A Turkish expert said that even in entirely lslamic Turkey the government tells mosque preachers what to preach every Friday. The line is laid by a distinguished State-appointed panel of Ulemas. All mosques are under government control.
Dr. Gunaratna, who is Professor of Security Studies at the S.Rajaratnam Center for International Studies in Singapore and author of “Inside Al Qaeda: Global Network of Terror” published by the Colombia University Press, decried the new phenomenon of ghettoization of Sri Lanka Muslims and also the formation of ethnic enclaves in the island nation.

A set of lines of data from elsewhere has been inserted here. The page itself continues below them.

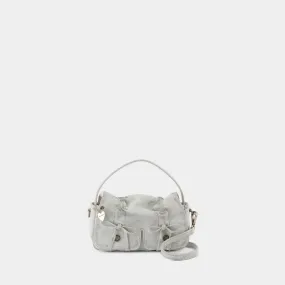 Acne Studios  Multipocket Micro Vintage Crossbody - Acne Studios - Leather - White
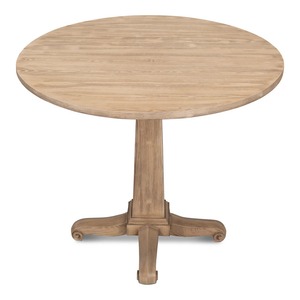 Mesa Clásica de Madera de Teca con Base de Pedestal Tallada, Mesa de Comedor de Madera Sólida para Restaurante, Cafetería, Hotel y Muebles de Interior - Product Image 6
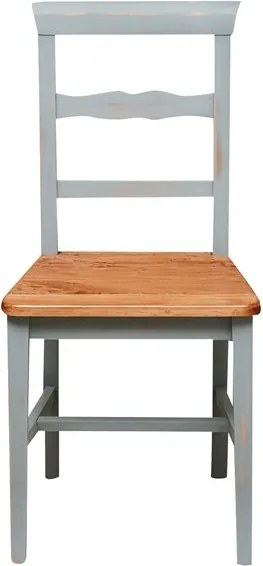 Scaun, L45 43 H92 cm, cu sezut din lemn masiv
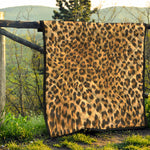 Leopard Pattern Print Quilt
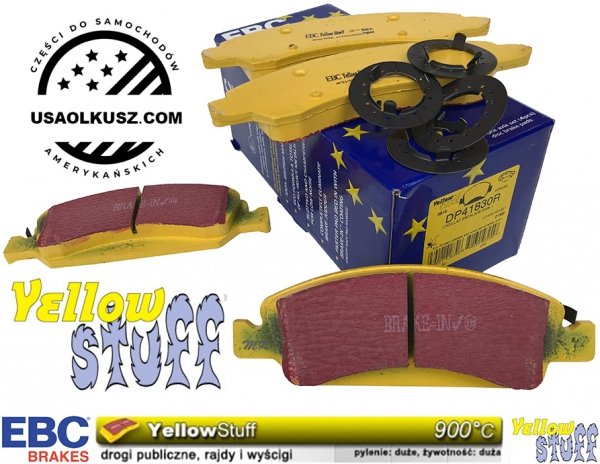 Przednie klocki YellowStuff + tarcze hamulcowe 330mm EBC seria PREMIUM GMC Yukon 2009-2020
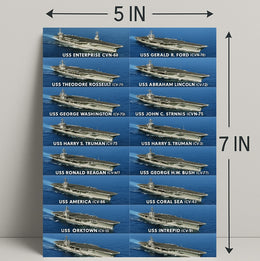 USS Harry S. Truman Aircraft Carrier Poster PosterGoat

“Ethnically and religiously mixed schools, mixed residential localities and multi-ethnic provinces should replace the existing ethnic and religious segregation in these areas. The demand for mono-ethnic or mono-religious territorial units should be rejected,” Dr. Gunaratna said.

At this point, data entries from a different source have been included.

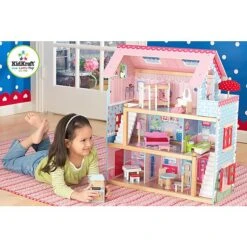Poppenhuis Chelsea -Berg Winkel poppenhuis chelsea kidkraft 65054 5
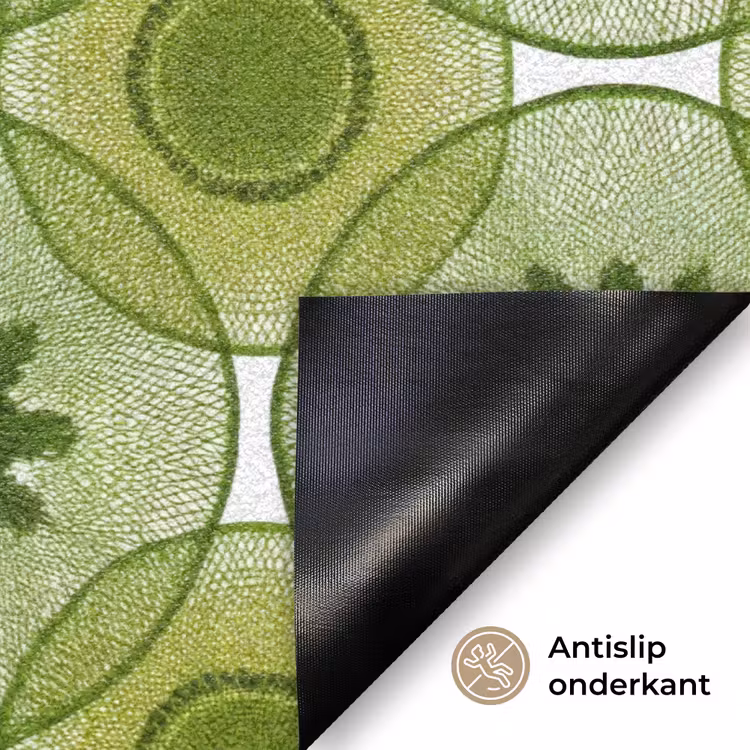 Deurmat - Cirkels - Patroon - Groen — 6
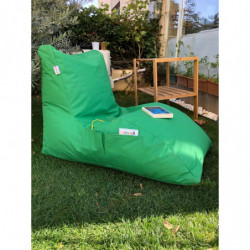 Puff Bean Bag Daybed Verde Practica Hogar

In Singapore where he lives, the government insists that residential flats are multi-ethnic, with Chinese, Malays and Indians living together cheek by jowl.
“Isolation breeds suspicion, distrust, unfounded notions, fears, alienation, avoidance, tension and finally violence and terrorism,” Gunaatna said while noting that with the growth of Wahabist or Salafist preaching, Sri Lankan Muslims are isolating themselves from other religious groups.
Some Tawheed groups had started preaching hatred for other religious groups called “Kafirs” or non-believers in Islam. Videos made in Tamil Nadu spread such ideas. They are on Youtube and therefore widely watched.
Many of the Tawheed speakers are excellent orators. They hold audiences, especially the youth, spell bound by their orations in chaste Tamil. One video from Tamil Nadu called upon Muslims to hate Kafirs even if relations with them, at the inter-personal level, were excellent.
According to Dr.Gunaratna there has been a tendency among a section of Sri Lankan Muslims not merely to change their dress and deportment to resemble the Arabs but also decrease interactions with non-Muslim groups to keep away from what they consider to be un-Islamic influences.
“A Harmony Act is therefore a dire necessity in Sri Lanka. It will criminalize hate speech and hate propaganda. If the Harmony Act was there, the hate speech and radicalization preached by Maulavi Zahran of the National Tawheed Jamaat (NTJ) would have been curbed long ago, the youth would not have been radicalized to this extent, and the bombings would not have taken place,” Dr.Gunaratna said.
According to the expert, the radicalization of Lankan Muslims and Muslims in India and the Maldives began when the Islamic State of Iraq and Syria (ISIS) changed its name to Islamic State (IS) on June 29, 2014. Having been ousted from Iraq and Syria by the US-led Western coalition forces, the IS had become global and had started spreading its tentacles to India, the Maldives and Sri Lanka, Dr.Gunaratna said.
The ISIS uses sophisticated propaganda instruments and styles which help it reach out to even the most educated and wealthy classes. No wonder, among the nine suicide bombers in the recent incident, there were young men from the educated and wealthy classes with foreign degrees. Despite their education and high life style, they thought nothing of blasting themselves and scores of other kafirs to go straight to heaven.
Only A Minuscule Minority
However, according to Dr.Gunaratna, only a tiny fraction of Sri Lankan Muslims are influenced by such wile preaching.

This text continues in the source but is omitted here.